It might be the dated aesthetic. I am rarely impressed with the way anything looks and often find myself thinking of other games' landscapes: Fallout, Borderlands, No Man's Sky, XCOM 2. The game is steeped in references and homages to Firefly, Futurama, and Foss. Once the novelty of the intro wore off, I felt like I encountered little new.
It might be the gameplay, so clearly inspired by Fallout 4 and it's streamlined shoot'n'loot experience, Tactical Time Dilation only barely improving upon VATS. The combat is fun, sure, but it does little new. You get a directional dodge, fragile companions with one special ability apiece, and a forgiving locational damage system. Damage types consist of Normal, Plasma, Shock, Acid, and Radiation. Weapon modifications are paltry at best.
It might be that Obsidian's quest design is getting a bit old hat by now.
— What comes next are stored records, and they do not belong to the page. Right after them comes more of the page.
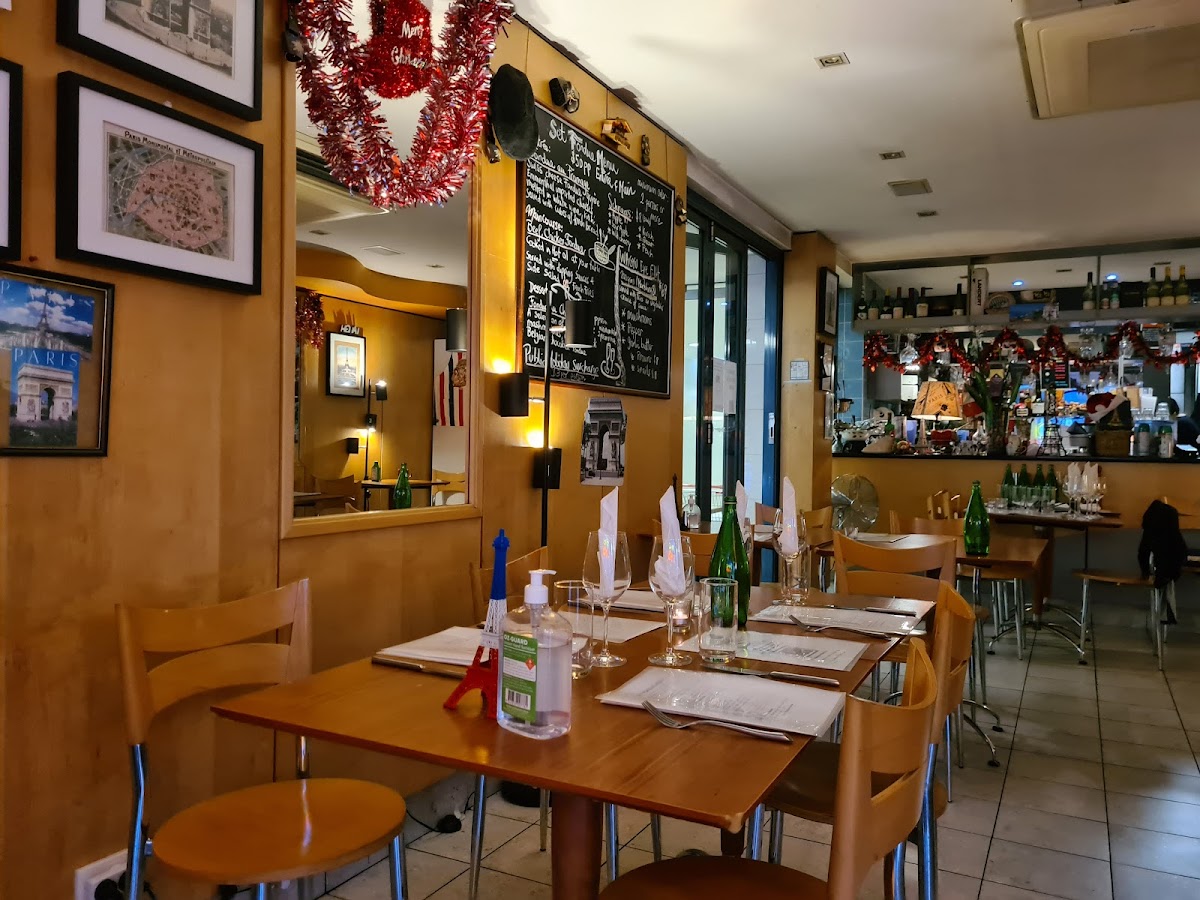 Cj's French & Fondue Restaurant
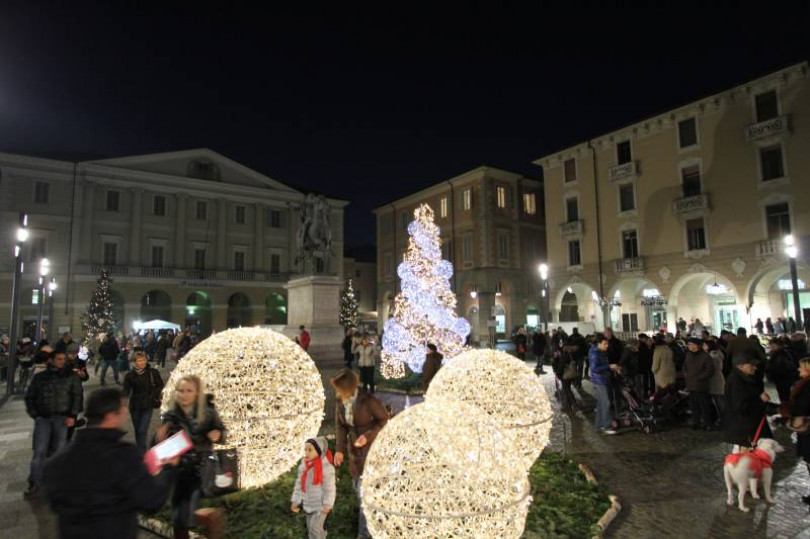 Nessun vandalo in piazza Mazzini: addobbi natalizi rovinati da una spazzatrice. Interviene il vicesindaco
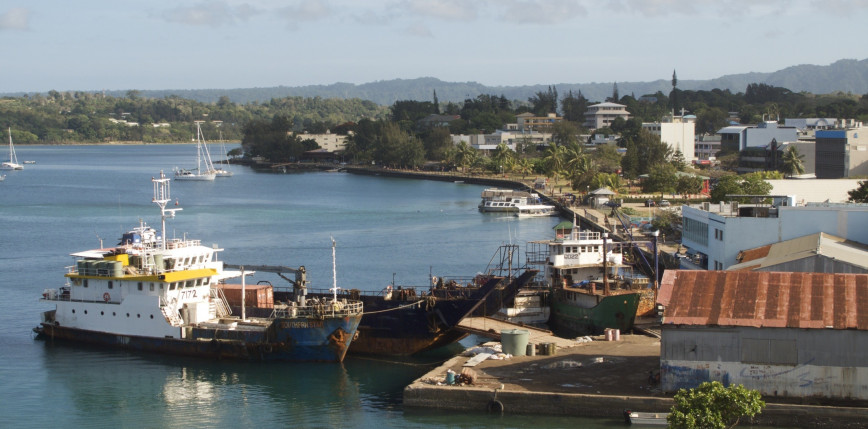 Vanuatu: wprowadzono zakaz podróżowania po odnalezieniu ciała osoby chorej na COVID-19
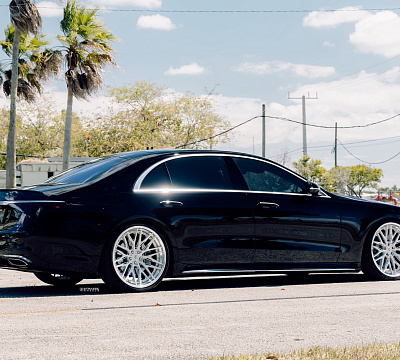 Фото дисков Strasse Wheels SV10M-RS Deep Concave FS на Mercedes-Benz S-Class (W223)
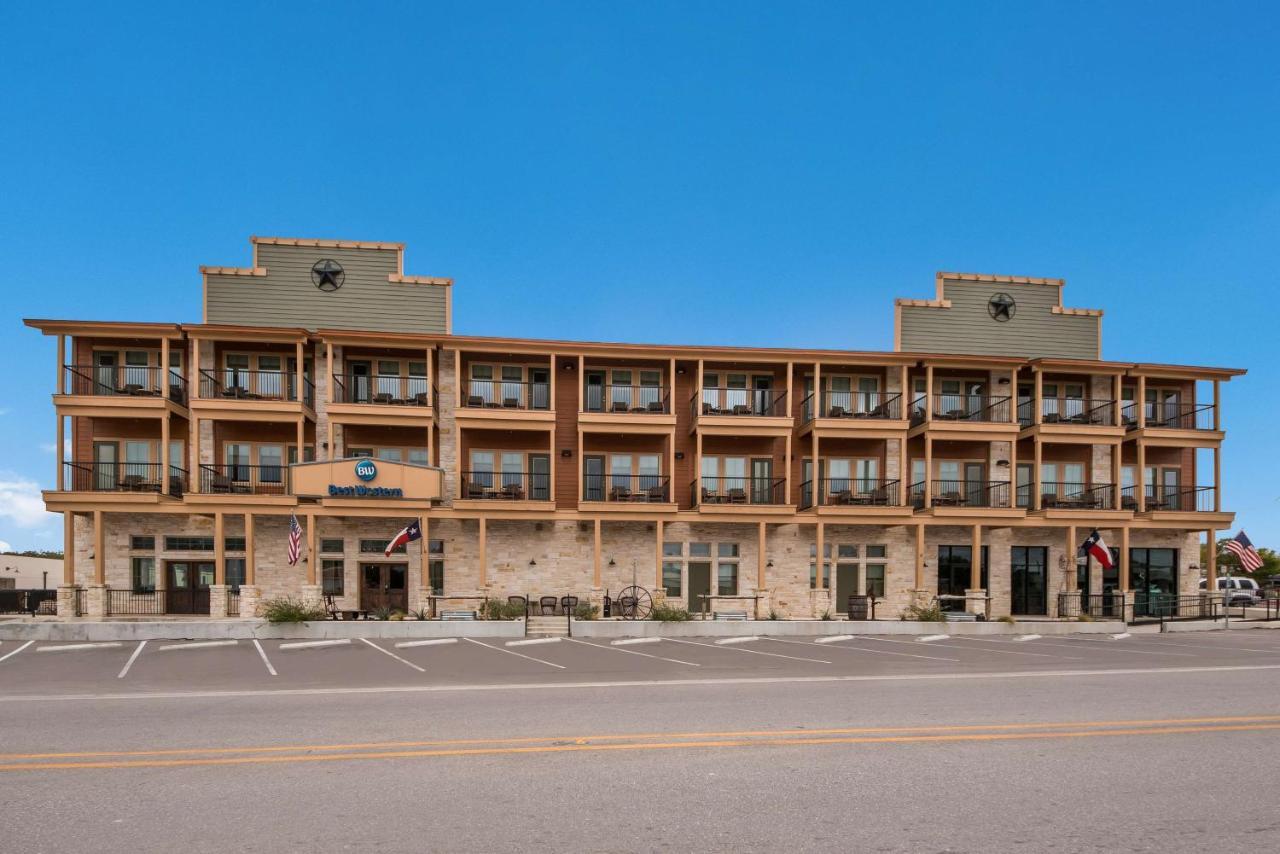 Best Western Bandera Suites & Saloon Exterior photo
After New Vegas, both Pillars, and Tyranny, I feel like I've seen it all: there are always two conflicting, ideologically opposed factions to choose from, with a clever compromise for the enterprising player to stumble across and plenty of skill checks along the way.
It might be that the game is riddled with reused assets, from a small pool of possible enemies, multiple tiers of functionally/aesthetically identical weapons and armors, repetitive map parcels, and too-similar NP Cs.
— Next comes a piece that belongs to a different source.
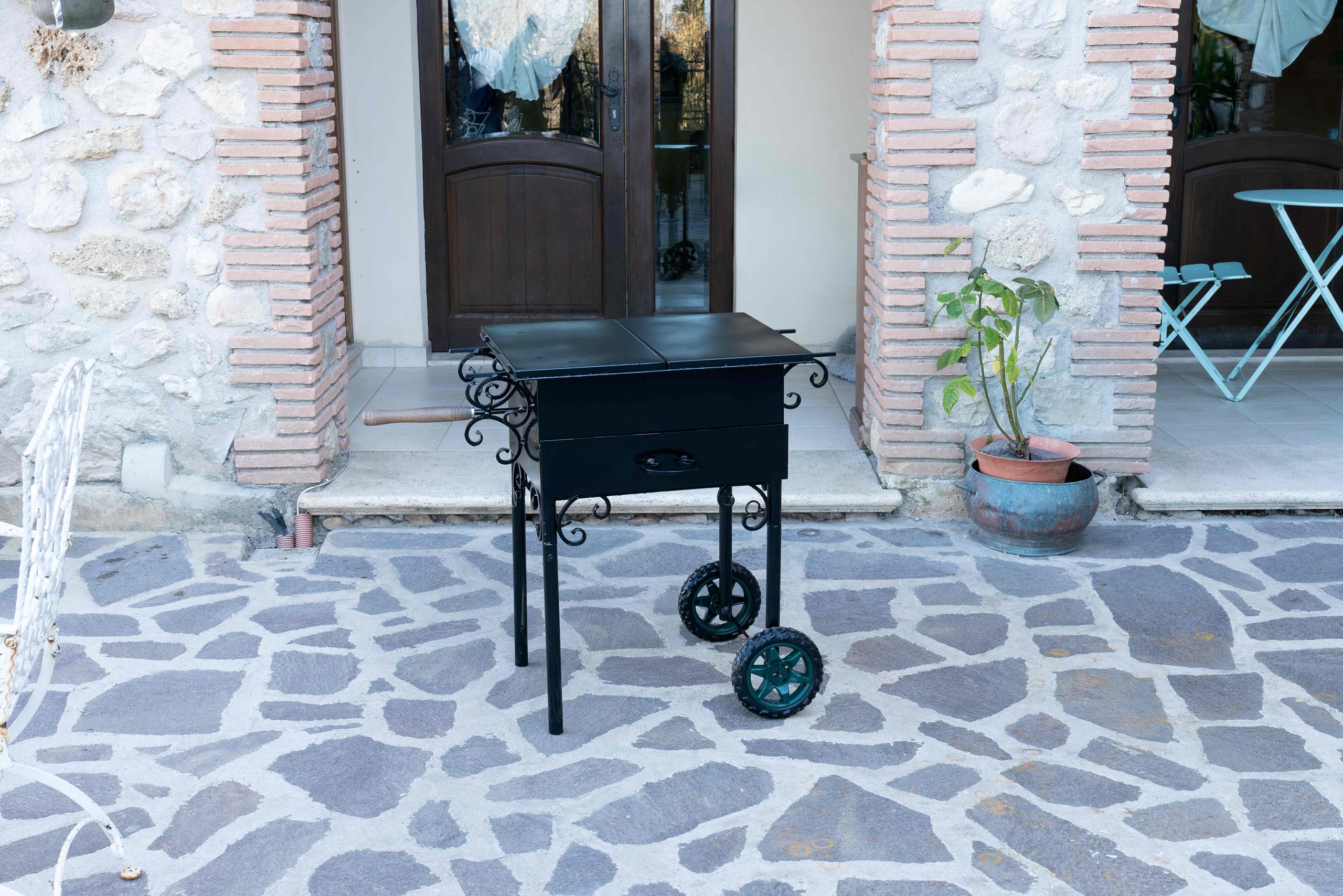 Barbecue in ferro battuto ZINCATO pesante con alette portatutto e griglia ribaltabile 80 × 45 × 70 cm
Obsidian makes an effort to justify some of these pecularities, with prefabricated buildings and mass produced corporate crud explaining the repetitive spaces and mediocre equipment variety.
But the more time I spend playing the game, the more I notice the cracks in the facade. It starts to feel rote after a while — you can only shoot the same collection of enemies with the same weapons in the same interiors so many times before fatigue sets in.
If you haven't spent too much time with Obsidian's older properties, The Outer Worlds is as good an entry point as any. But if you've seen the best they have to offer, it's worth waiting for a sale. You can still pick it up on Microsoft's Game Pass for a dollar, but I don't know how long that deal will last.
EDIT: This is something of an afterthought, but the game's plot is literally just Hanlon's Razor applied to a solar system. Because it is ultimately the forces of impotent greed and incompetence versus the forces of ideological purity and shortsightedness, it becomes harder and harder to take the conflicts seriously. There are very few characters with a vision *and* the will to pursue it, much less as actual antagonists. There is no Caesar here — only a dozen Crockers and Swanks.